TASK REQUIREMENTS: Return the data exactly, but only from the line containing "this 400×267 image." through its last line.

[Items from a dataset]
══════

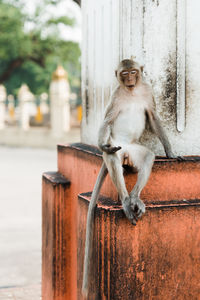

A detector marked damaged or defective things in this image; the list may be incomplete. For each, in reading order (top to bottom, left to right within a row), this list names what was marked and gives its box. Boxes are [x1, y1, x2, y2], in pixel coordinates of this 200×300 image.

rusty surface [42, 172, 76, 298]
rusty surface [77, 193, 200, 298]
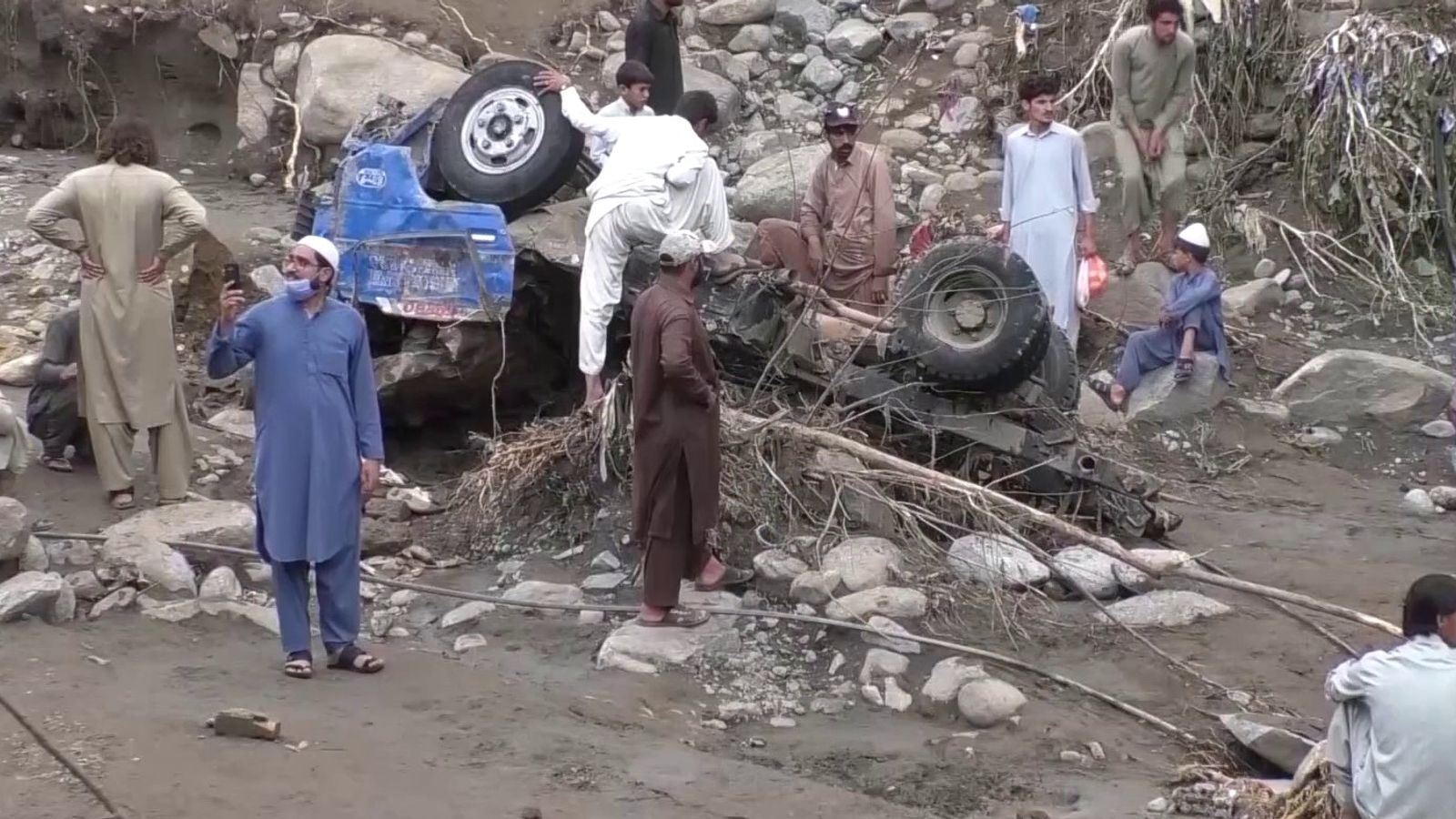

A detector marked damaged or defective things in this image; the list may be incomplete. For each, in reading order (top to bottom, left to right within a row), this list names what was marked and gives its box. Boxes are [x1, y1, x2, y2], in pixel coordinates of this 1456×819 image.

overturned blue truck [289, 61, 1179, 542]
overturned vehicle [295, 62, 1179, 539]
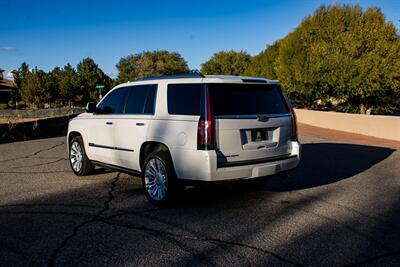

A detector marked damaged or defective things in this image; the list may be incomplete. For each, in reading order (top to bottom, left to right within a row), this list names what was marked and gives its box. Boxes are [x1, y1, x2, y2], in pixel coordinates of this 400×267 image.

pavement crack [46, 174, 119, 267]
pavement crack [100, 220, 304, 267]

══════

SOLUTION:
A detector marked damaged or defective things in this image; the list may be incomplete. For each, in reading order (top to bottom, left to right within a row), this list names what was marked and gives its box. Boxes are [x1, y1, x2, y2], in pixel coordinates of this 400×267 image.

pavement crack [46, 174, 119, 267]
pavement crack [100, 220, 304, 267]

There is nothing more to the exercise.